2024年11月27日水曜日

ジェンダー学者の田中東子氏への非難の多くは、誤解や曲解に基づいているよ

このエントリーをはてなブックマークに追加
Pocket

オープンレター「女性差別的な文化を脱するために」に賛同した人物なので、発言が曲解されて非難されているのは因果応報な気がするが、ここ数日*1吹き上がっているフェミニスト学者の田中東子氏への非難が適切な批判とは言えないので指摘したい。

黒澤多香子(@takako_Z)氏の飼い猫の写真が同じであったこと、黒澤多香子氏がアップロードした写真に田中東子氏の本名のIDカードがあったことから、黒澤多香子が田中東子氏の裏アカウントだと発覚した*2のだが、それで田中東子氏がBL作品を楽しむばかりか、商業BL作家でもあることが判明した。
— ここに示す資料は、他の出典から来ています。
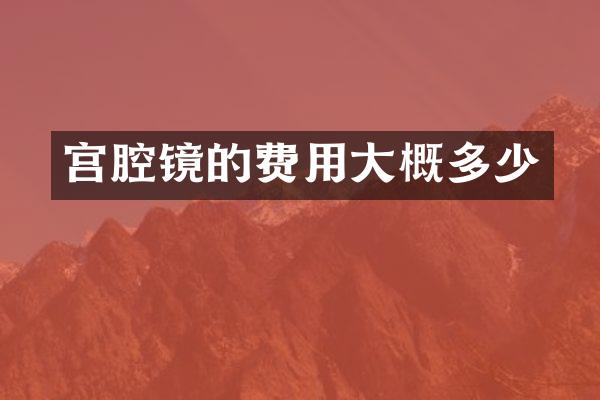 宫腔镜的费用大概多少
多彩な才能といったところだが、女性向けエロ作品を書いたり楽しんでいたりしたのに、ジャニー喜多川氏の性加害問題を非難し、萌え絵や男性向けエロの全面的な排除を主張していたのは二重基準ダブスタだと言うような非難されている。

ジャニー喜多川氏の性加害問題は実在児童への性虐待問題であり、架空のキャラクターの架空の物語であるBL作品とは同列に議論できないのでダブスタにならない。支離滅裂だ。そもそも 誤解に基づいている。田中東子氏は萌え絵などに関しても、ゾーニングすべき(かTPOを考えろ)と言うぐらいの主張しかしていない。田中氏を批判している人々が添付している新聞記事などを参照しても、「宇崎ちゃんは遊びたい」×献血コラボキャンペーンの絵に関して、「広告を特定の層だけに届けるのは難しく、不特定多数を想定して作る必要がある」「強調点をどこに置くのかが問題だった」「規制や基準を設けるのではなく、議論を積み重ねて共通見解を作りあげていくことが何より大切」といった程度のことしか言っていない。

田中東子氏の主張に対しても、問題になった絵も乳房を強調しているとは言えないというような反論はあるとは思うが、田中氏の議論は慎重なもので、BL作品の愛好や執筆自体を悪事とするようなものではなかった。論敵の印象が悪くなるように論敵の発言を捏造したり戯画化したりすると、名誉毀損になる。田中氏への批判者は、自分の主張にしっかりした根拠をつけられているか、よく振り返るべきだ。

*1だいぶ前に流れていた田中東子氏の著作への批判ツイートなどは概ね穏当に思えた。ただし、私は著作全体の内容は確認していない。